#### Aim of the exercise:
Only the lines from the one with "Babyhug Knit Full" through the final line below belong in the answer, copied exactly and without pictures.

────

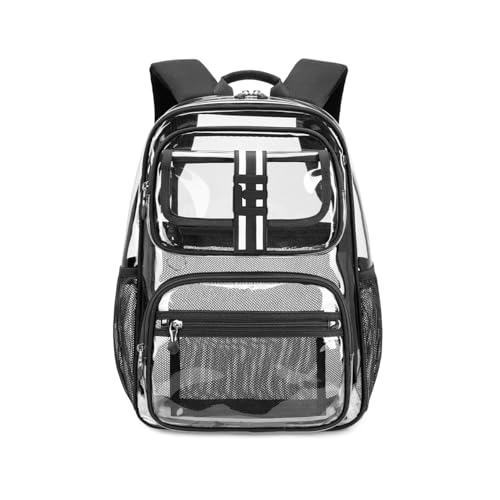 Cusangel Clear Backpack for kids,16in Heavy Duty Clear BookBag,TPU Large Capacity Black See Through bookbag for Stadiums,Concerts,Plastic transparente para mujer for 8Age+ - color: Black Clear 16in
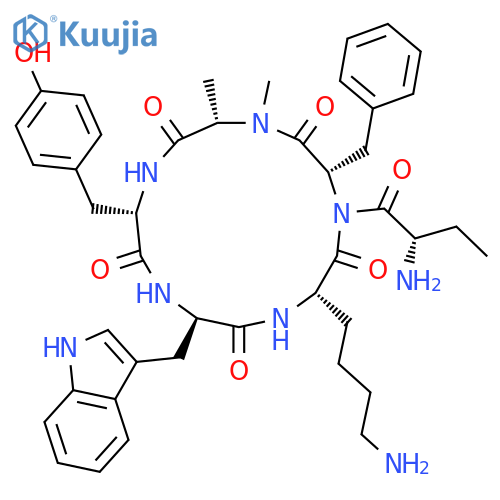 Cyclo[N-methyl-L-alanyl-L-tyrosyl-D-tryptophyl-L-lysyl-(2S)-2-aminobutanoyl-L-phenylalanyl](9CI) structure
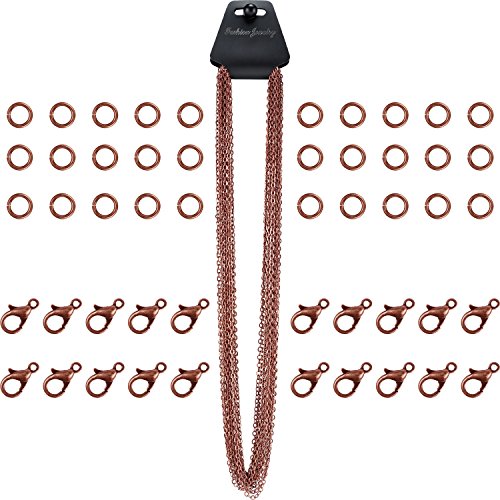 TecUnite 33 Feet Antique Red Copper Chain Link Necklace with 30 Pieces Jump Rings and 20 Pieces Clasps for DIY Jewelry Making (3x4mm)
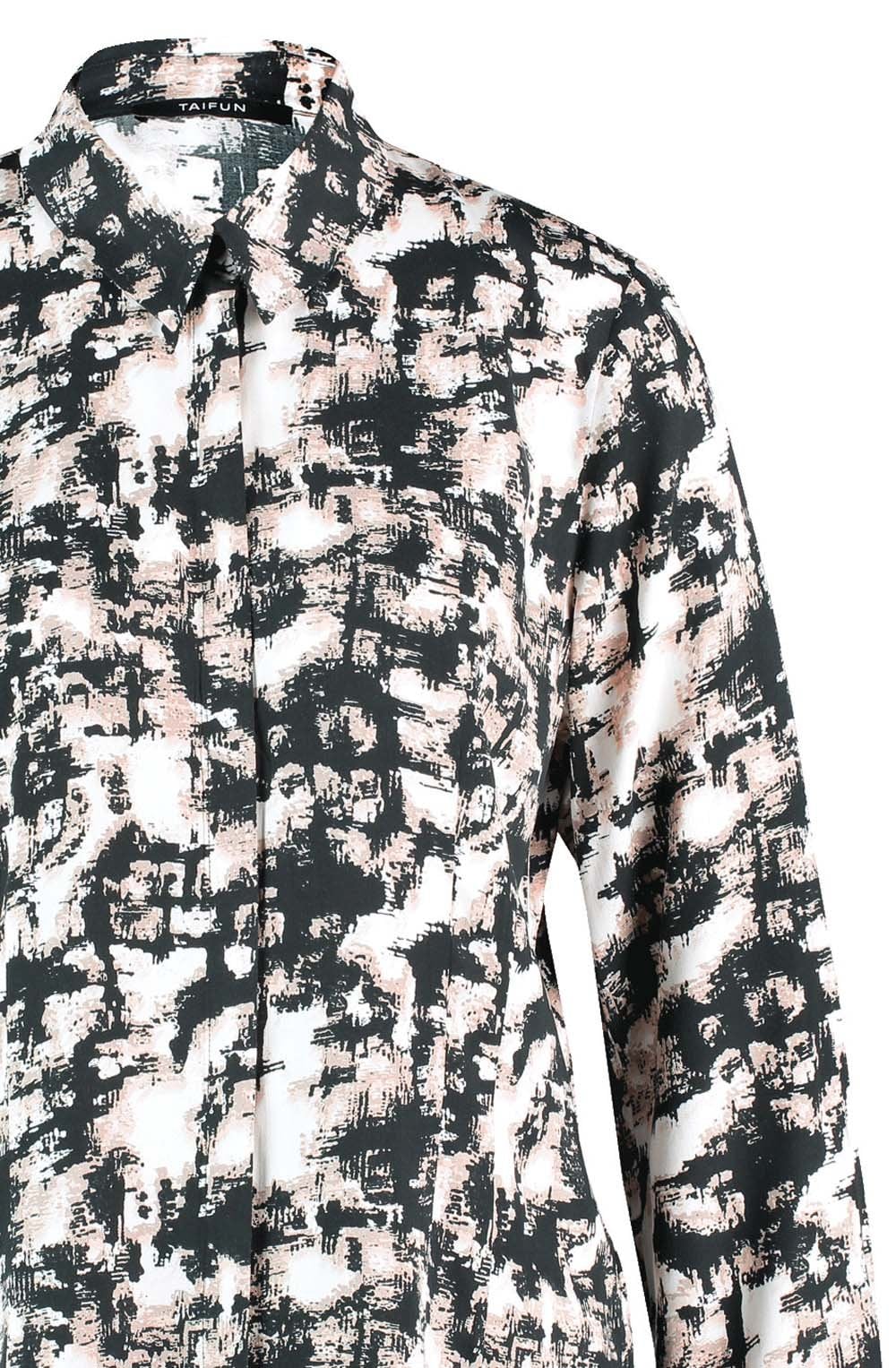 Off White and Black Satin Touch Fitted Shirt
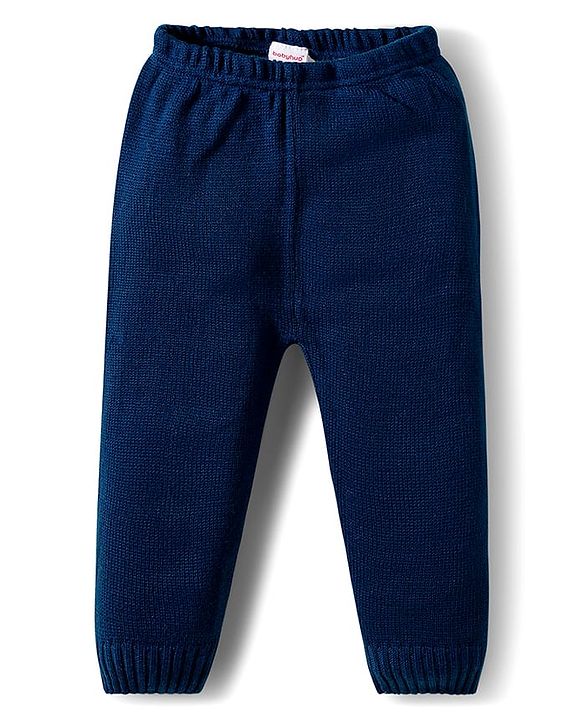 Babyhug Knit Full Sleeves Sweat Set With Animal Design - Navy Blue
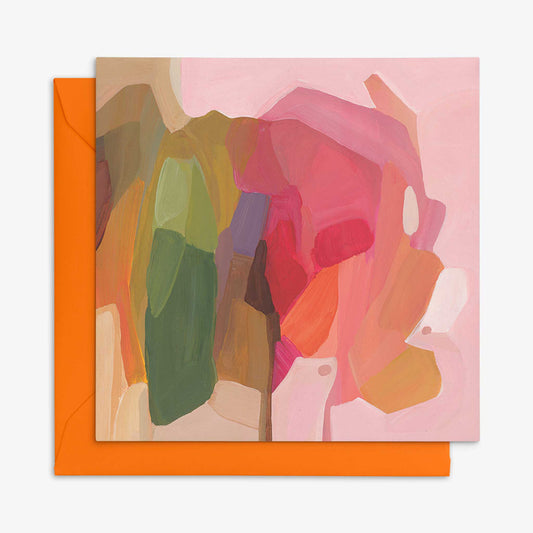pink abstract card uk with orange envelope
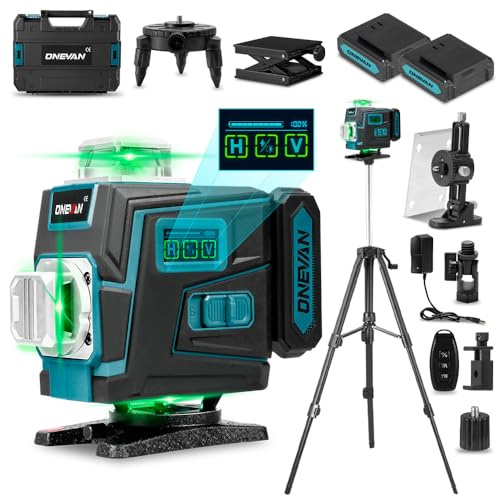 ONEVAN Livella Laser con Treppiede, 4D x 360° Livella Laser Autolivellante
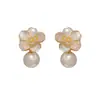 Brincos de Pérola Florais Exquisitos Estilo Francês Luxo Leve Micro Embellished, Design de Nicho de Alta Qualidade Brincos Únicos Atacado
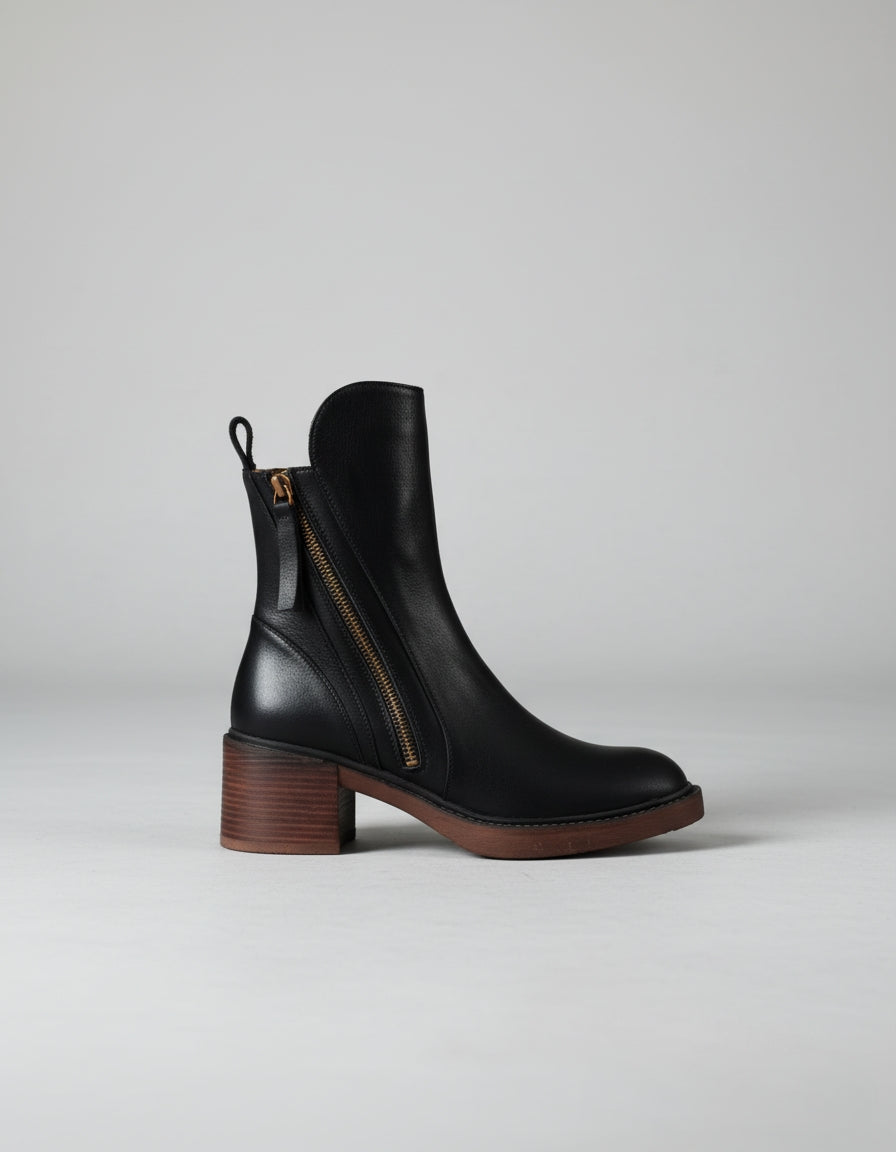 Leather Block Heel Zip Ankle Boots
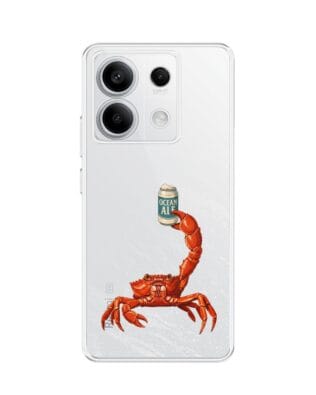 Etui do Xiaomi Redmi Note 13 Pro 5G przeźroczyste, silikonowe Flexi, Paradise, krab z piwem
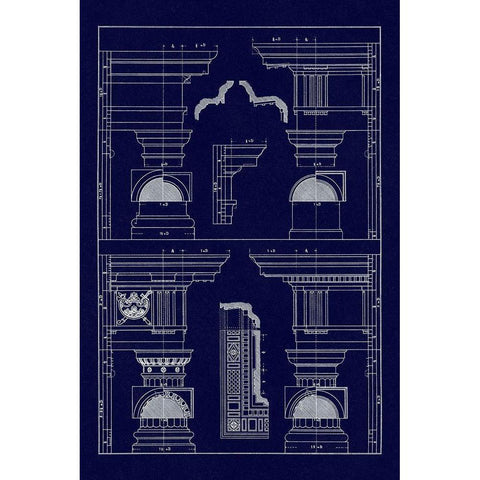 Doric and Tuscan Orders (Blueprint) Black Modern Wood Framed Art Print with Double Matting by Buhlmann, J.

────

#### Result for this task:
 Babyhug Knit Full Sleeves Sweat Set With Animal Design - Navy Blue
pink abstract card uk with orange envelope
 ONEVAN Livella Laser con Treppiede, 4D x 360° Livella Laser Autolivellante
 Brincos de Pérola Florais Exquisitos Estilo Francês Luxo Leve Micro Embellished, Design de Nicho de Alta Qualidade Brincos Únicos Atacado
 Leather Block Heel Zip Ankle Boots
 Etui do Xiaomi Redmi Note 13 Pro 5G przeźroczyste, silikonowe Flexi, Paradise, krab z piwem
 Doric and Tuscan Orders (Blueprint) Black Modern Wood Framed Art Print with Double Matting by Buhlmann, J.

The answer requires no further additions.